Young savers in the UK are in danger of being left in the lurch when it comes to retirement planning, a recent survey has shown, with experts mooting auto-escalation and better financial education as possible solutions to a looming crisis in the decades ahead.

Only 39 per cent of people aged 25-34 are confident their retirement savings are on track, according to BlackRock’s latest annual DC Pulse survey.

The survey, which polled 1,000 UK adults saving in workplace pensions, found that people aged between 25-34 are more likely to prioritise saving for a “rainy day” fund (71 per cent) over paying into their nest egg (52 per cent).

We cannot assume that most people just choose not to save more for their future – for many it is not a choice. For most they need the money now; today and tomorrow

Mark Futcher, Barnett Waddingham

Fifty-two per cent spend money on day-to-day “treats”, which they do not need and cannot really afford. Income is not a deciding factor either, as when asked what they would do with an extra £200 a month, only 2 per cent said they would pay it into their pension. 

A false sense of security

According to the survey, almost half of 25-34 year olds believe they and their employer should ideally contribute 15 per cent or more into their defined contribution pension. In reality, less than a third of those polled are currently doing so.

Claire Felgate, head of UK DC at BlackRock, said the government’s move to increase the minimum total contribution rate for auto-enrolment to 8 per cent from April 2019 is a step in the right direction.

However, “our concern is that individuals will think the number is ‘enough’. We need to start thinking of 15 per cent as the ‘rule of thumb’ to help everyone secure a comfortable living in their old age”, she said.

Forty-four per cent of those aged 25-34 admitted to putting off saving or investing for long-term things like retirement as it “seems silly to focus on something so far away”.

Kate Smith, head of pensions at Aegon, highlighted that there are many conflicting priorities to save towards when people are young “that the focus is often on the here and now, and allocating money towards retirement isn’t top of the list”.

“As a general rule of thumb, young savers realistically need to save an average of 15 per cent of their earnings over their working lifetime,” she said.

Affordability affects ability to save

However, Mark Futcher, head of workplace wealth at consultancy Barnett Waddingham, is against any rules of thumb: “While they are helpful to quantify the magnitude of problems, they are generic, and with respect to pension planning can lead people to make wrong decisions for their more immediate needs.”

He added: “We cannot assume that most people just choose not to save more for their future – for many it is not a choice. For most they need the money now; today and tomorrow.”

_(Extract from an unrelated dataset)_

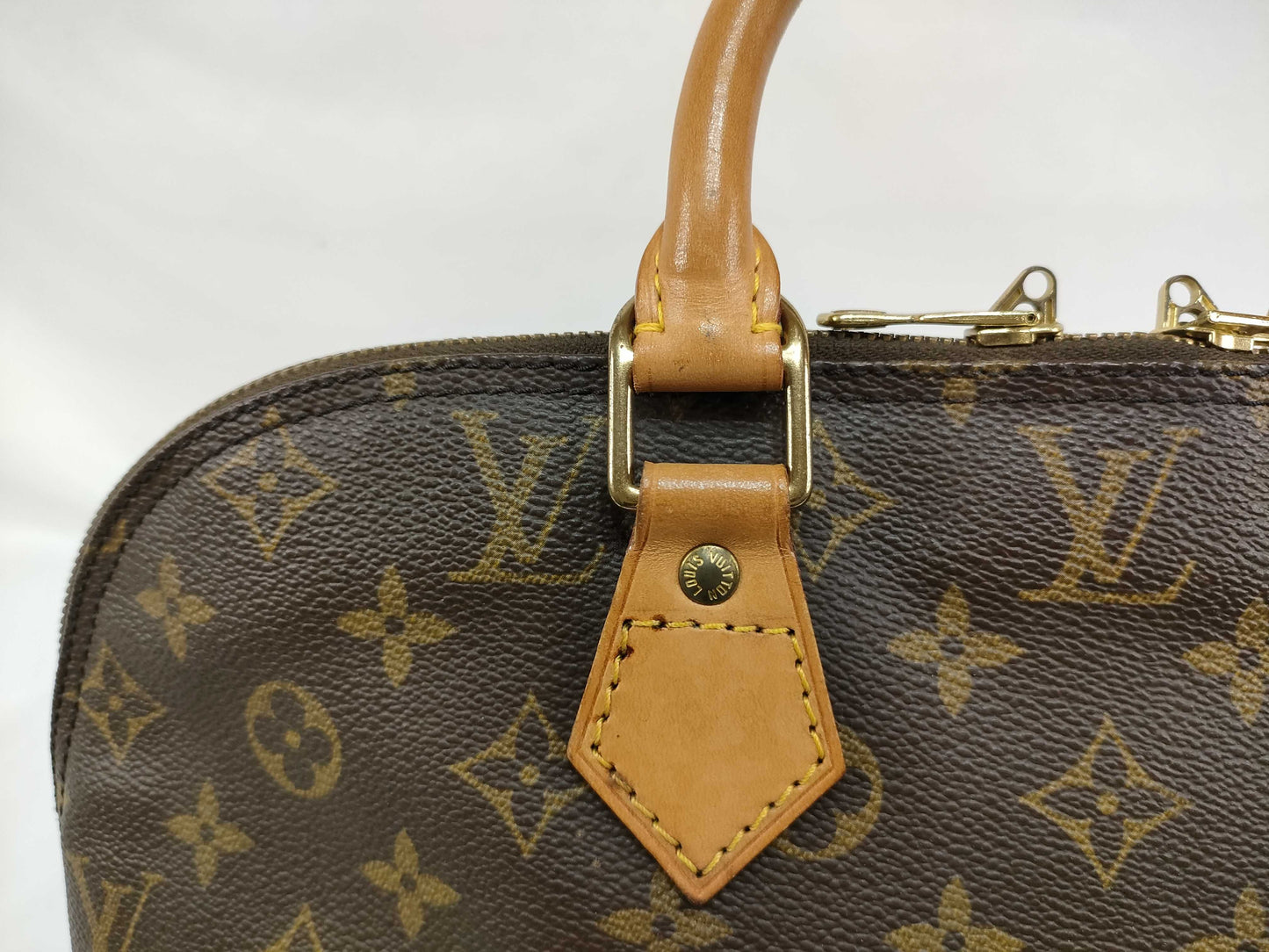 LOUIS VUITTON BA 1914 Monogram LV Mono Alma BA1914 Handbag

It is also important to recognise debt issues that can quickly create a spiral of financial problems, Futcher said.

Alistair McQueen, head of savings and retirement at Aviva, noted that young people have driven a greater increase in workplace pension participation since 2012 than among any other age group, “despite unprecedented pressures flatlining wages, student debts, skyrocketing house prices”.

However, he added that being ‘in’ is not by itself enough: “A minimum of 12.5 per cent of earnings by 2028” is more realistic than 2019’s 8 per cent.

Educate savers

Aegon’s Smith pointed to the value of auto-escalation and financial education. “The harsh reality is that as people live longer and need to account for gaps in their working lives, they need to save more. One way of achieving this is through auto escalation, although we’re unlikely to see legislation for this in the near future.”

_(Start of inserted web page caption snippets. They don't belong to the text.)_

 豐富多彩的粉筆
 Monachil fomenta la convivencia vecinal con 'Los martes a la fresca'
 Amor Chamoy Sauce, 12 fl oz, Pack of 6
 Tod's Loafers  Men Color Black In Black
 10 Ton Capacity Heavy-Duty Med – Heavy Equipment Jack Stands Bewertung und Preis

She said that employers can also help by introducing alternative ways to save more for tomorrow, by encouraging employees to sign up to increased contributions at planned stages in their career or when they get a pay rise or promotion, according to Smith.

Jon Parker, director of DC and financial well-being consulting at Redington, stressed the need for better education: “It is critical that people have a good grasp of important financial subjects like budgeting, debt, compound interest and how great a savings vehicle like a workplace pension can be with so much ‘free money’ available from employers and the taxman.”

He added that embedding this knowledge at a young age can make a huge difference throughout life.